El arte del guion es una disciplina ambigua cuya enseñanza ya me ponía muy nervioso en la universidad de cine, cuando la mayoría de los alumnos encontraban en él las claves del talento narrativo, mientras a mí me molestaban los clichés y los trucos del género. Para unos cuantos Hitchcocks, informáticos de sentido, ¿cuántos fabricantes con ambiciones de supermercado? Todavía hoy veo, en mi resistencia a las historias, aunque tengan el impacto momentáneo de una película, similitudes con un asco de educación subjetiva elevada al nivel de dogma. Desconfianza por las historias que te hacen despertar por la noche o no dormir, porque en cuanto a mí, en el caso de MandíbulasDe hecho, lo más importante no es la primera noche tras el impacto, sino las décadas posteriores. Una gran excepción son los mitos que, a diferencia de las sectas, han demostrado su beneficio más allá del shock de la sorpresa, para mostrarse más frecuentemente como protectores que como dañinos compañeros de camino, por la globalidad objetiva que permite la libre interpretación. Hay una notable diferencia entre el totalitarismo de los puntos de vista alineados en un eje y las latitudes periféricas en torno a un fenómeno. Las dos formas de transmisión se cruzan, tanto en la educación de las masas como en la cultura del mismo orden. ¿Es el héroe que albergamos capaz de liberarse de las garras carnívoras de las presiones populistas? Las huellas sangrientas aún frescas de la historia reciente no dan ninguna prueba de ello. ¿Quizás un giro, de vez en cuando, hacia el lado de las mitologías profundas y las fantasías lúdicas, más que una inmersión en la eterna producción de anécdotas dramáticas, alimentaría nuestra frágil vida cotidiana de incertidumbre con ejemplos de gran altura? Y sin embargo, su tratamiento debe estar a la altura. Pero como dicen, a cada uno lo suyo, ¿no? Todos tienen sus virtudes si consiguen ayudarnos a definirnos.

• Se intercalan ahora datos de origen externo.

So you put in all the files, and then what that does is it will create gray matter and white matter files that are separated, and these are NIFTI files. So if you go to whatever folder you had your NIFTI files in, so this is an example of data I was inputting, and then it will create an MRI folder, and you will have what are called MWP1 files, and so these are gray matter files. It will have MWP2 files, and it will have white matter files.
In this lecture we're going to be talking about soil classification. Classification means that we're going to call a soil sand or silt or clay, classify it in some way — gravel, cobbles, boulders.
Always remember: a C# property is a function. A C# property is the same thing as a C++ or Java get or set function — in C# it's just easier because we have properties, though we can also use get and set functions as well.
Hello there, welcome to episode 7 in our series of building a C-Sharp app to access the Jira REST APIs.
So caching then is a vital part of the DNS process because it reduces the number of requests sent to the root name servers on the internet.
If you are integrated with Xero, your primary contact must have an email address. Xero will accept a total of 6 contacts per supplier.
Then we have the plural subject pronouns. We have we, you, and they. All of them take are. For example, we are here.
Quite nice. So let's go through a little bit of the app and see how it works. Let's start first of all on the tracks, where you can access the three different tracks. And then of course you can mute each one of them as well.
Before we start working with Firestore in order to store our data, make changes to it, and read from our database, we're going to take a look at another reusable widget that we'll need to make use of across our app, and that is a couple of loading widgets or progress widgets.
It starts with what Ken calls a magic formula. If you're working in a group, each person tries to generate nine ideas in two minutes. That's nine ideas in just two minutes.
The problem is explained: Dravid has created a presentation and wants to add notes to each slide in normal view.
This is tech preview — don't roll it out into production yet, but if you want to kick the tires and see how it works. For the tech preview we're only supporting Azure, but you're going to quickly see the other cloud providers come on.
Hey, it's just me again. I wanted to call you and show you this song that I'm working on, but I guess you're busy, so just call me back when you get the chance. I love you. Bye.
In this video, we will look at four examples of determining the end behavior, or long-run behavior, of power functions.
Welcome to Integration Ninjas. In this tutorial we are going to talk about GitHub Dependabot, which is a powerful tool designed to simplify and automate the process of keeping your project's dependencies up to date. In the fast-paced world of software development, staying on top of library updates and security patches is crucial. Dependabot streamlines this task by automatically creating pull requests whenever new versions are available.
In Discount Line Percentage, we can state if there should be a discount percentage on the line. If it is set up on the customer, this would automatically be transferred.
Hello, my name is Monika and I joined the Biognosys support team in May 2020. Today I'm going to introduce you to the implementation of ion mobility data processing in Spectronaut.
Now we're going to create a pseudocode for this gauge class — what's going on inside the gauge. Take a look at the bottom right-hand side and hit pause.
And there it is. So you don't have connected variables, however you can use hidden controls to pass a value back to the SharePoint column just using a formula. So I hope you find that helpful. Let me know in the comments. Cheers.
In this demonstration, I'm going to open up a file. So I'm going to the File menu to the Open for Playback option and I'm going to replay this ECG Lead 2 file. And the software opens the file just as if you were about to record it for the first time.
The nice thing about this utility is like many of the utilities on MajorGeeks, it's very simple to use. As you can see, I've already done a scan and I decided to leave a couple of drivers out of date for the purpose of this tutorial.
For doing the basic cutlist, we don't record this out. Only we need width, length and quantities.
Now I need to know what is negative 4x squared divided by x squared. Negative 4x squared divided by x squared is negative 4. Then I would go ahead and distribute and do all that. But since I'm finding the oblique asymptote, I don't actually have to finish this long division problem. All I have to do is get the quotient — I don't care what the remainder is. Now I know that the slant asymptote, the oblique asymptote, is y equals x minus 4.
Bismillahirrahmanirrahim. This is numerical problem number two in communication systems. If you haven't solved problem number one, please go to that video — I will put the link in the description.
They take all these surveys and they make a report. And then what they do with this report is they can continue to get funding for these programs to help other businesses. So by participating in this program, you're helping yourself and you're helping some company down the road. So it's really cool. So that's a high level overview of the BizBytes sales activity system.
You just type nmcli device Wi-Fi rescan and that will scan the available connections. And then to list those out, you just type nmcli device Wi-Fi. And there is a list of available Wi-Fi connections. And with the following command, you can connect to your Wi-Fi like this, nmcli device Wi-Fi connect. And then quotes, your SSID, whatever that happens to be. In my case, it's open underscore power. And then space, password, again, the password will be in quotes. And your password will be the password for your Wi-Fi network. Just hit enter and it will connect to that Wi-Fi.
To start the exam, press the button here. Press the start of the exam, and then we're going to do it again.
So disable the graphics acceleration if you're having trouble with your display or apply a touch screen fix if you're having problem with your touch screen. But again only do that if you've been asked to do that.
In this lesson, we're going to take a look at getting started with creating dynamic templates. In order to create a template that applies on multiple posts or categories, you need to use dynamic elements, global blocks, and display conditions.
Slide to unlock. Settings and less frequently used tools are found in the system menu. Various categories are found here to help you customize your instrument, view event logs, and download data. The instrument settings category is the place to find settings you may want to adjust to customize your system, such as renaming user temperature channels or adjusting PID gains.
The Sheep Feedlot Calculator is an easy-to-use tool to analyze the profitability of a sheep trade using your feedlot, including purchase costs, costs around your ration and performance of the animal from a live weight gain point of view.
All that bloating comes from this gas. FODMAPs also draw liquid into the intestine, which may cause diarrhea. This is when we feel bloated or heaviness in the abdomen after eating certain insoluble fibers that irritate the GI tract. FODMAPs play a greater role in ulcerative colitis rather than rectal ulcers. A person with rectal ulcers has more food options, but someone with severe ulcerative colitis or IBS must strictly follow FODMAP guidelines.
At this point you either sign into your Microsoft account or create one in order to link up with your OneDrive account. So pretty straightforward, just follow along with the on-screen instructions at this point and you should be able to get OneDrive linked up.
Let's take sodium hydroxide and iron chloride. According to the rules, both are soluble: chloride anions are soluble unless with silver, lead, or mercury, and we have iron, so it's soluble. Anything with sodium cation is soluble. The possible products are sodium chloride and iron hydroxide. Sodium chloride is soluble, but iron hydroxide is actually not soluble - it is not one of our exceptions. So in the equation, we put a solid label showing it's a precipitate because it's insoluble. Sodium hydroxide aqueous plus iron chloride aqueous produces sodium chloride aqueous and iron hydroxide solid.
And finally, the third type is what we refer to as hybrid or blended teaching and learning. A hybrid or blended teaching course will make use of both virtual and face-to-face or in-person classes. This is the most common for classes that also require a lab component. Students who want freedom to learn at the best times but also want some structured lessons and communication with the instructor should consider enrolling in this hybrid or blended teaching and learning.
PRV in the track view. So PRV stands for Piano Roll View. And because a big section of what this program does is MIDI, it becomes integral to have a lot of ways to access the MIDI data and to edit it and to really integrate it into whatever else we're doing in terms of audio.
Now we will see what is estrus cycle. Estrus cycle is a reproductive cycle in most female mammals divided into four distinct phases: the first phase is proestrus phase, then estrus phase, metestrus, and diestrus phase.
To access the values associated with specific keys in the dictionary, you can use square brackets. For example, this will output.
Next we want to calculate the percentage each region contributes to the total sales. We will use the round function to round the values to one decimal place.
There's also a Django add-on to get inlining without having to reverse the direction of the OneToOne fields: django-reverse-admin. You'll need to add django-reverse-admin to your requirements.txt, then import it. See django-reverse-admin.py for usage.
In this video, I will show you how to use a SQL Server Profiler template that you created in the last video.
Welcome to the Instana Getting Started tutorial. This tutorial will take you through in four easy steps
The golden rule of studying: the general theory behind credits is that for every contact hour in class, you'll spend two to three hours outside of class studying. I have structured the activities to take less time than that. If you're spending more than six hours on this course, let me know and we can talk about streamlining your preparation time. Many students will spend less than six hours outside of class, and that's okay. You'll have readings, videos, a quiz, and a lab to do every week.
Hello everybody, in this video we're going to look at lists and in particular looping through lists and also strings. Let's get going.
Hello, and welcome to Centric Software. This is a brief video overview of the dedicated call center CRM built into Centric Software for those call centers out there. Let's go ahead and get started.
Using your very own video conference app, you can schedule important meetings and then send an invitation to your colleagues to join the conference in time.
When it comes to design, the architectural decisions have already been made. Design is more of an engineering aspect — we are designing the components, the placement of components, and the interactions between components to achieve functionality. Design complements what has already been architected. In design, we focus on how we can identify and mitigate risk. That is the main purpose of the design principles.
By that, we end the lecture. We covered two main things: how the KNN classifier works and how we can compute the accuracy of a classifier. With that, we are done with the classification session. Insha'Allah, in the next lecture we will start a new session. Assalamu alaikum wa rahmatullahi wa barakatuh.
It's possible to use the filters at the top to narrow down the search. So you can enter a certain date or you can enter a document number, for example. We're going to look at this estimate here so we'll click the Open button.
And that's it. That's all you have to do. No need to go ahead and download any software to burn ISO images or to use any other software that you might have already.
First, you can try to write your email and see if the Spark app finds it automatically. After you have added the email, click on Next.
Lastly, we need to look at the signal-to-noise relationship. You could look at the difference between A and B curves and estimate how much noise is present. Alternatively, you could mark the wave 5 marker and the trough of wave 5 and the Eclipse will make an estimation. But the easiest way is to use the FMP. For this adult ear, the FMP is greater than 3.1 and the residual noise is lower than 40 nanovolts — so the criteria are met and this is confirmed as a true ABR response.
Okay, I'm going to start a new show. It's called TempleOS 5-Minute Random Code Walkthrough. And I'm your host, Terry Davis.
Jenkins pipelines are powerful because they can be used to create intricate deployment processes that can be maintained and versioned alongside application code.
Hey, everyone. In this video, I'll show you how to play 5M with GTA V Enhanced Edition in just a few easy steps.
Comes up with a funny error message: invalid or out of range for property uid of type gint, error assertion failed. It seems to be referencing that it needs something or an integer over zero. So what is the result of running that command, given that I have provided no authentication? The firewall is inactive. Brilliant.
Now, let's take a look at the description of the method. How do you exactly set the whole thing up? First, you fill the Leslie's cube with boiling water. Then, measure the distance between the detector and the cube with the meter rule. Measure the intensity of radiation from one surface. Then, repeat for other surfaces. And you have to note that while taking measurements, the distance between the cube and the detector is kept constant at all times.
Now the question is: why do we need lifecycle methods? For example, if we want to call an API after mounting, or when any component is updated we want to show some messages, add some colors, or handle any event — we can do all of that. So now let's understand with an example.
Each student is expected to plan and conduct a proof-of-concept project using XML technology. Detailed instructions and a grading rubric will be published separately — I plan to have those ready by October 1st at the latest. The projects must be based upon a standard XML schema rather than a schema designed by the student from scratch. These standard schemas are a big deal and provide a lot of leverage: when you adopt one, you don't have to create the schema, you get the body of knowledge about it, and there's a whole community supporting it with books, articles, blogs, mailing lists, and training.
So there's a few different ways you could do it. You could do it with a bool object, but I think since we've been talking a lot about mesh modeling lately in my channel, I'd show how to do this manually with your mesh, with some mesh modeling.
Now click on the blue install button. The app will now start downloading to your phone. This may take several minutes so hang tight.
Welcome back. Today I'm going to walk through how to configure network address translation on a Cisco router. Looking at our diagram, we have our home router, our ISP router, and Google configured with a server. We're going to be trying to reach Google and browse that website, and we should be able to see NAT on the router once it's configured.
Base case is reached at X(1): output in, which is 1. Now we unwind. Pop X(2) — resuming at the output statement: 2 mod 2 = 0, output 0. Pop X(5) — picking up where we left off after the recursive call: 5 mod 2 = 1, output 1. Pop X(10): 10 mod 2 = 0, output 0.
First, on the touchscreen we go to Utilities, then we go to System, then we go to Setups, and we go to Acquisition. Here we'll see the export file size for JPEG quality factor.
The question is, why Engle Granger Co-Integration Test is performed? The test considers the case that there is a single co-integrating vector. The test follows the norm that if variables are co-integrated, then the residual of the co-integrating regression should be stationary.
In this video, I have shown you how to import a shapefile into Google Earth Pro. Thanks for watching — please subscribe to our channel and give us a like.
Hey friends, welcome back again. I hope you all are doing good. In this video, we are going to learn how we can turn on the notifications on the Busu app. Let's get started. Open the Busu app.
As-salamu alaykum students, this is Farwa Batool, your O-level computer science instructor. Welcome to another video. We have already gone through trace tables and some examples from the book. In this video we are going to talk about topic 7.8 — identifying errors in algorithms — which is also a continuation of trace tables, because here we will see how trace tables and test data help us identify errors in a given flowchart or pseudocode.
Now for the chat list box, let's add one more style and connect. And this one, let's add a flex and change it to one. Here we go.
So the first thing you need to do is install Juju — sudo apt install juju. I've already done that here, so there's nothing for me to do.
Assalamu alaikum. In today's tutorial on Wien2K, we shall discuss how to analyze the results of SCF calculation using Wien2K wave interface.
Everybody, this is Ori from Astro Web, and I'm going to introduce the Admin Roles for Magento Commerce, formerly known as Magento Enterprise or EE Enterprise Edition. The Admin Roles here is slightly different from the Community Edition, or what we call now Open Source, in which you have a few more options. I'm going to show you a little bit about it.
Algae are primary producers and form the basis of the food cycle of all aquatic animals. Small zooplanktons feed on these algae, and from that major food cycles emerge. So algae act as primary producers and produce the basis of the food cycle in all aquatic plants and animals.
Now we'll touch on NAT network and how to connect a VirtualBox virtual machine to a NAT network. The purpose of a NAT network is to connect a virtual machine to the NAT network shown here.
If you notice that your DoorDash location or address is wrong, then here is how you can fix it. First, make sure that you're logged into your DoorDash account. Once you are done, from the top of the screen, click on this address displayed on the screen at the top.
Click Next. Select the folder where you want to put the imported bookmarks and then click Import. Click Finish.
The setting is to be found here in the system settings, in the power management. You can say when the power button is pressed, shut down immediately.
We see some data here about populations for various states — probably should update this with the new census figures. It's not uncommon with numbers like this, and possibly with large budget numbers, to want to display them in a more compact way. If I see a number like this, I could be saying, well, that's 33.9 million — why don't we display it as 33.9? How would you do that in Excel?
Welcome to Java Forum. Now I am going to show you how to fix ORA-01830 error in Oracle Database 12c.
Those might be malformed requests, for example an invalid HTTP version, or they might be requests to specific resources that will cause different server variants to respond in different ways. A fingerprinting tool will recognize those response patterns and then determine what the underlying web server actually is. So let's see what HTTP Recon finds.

Salir victorioso implica, al menos, no haberse equivocado en la lucha... o en la pesadilla.

David Noir

David Noir, intérprete, actor, autor, director, cantante, artista visual, realizador de vídeo, diseñador de sonido, profesor... lleva su desnudez polimorfa y su infancia disfrazada bajo los ojos y oídos de cualquiera que quiera ver y oír.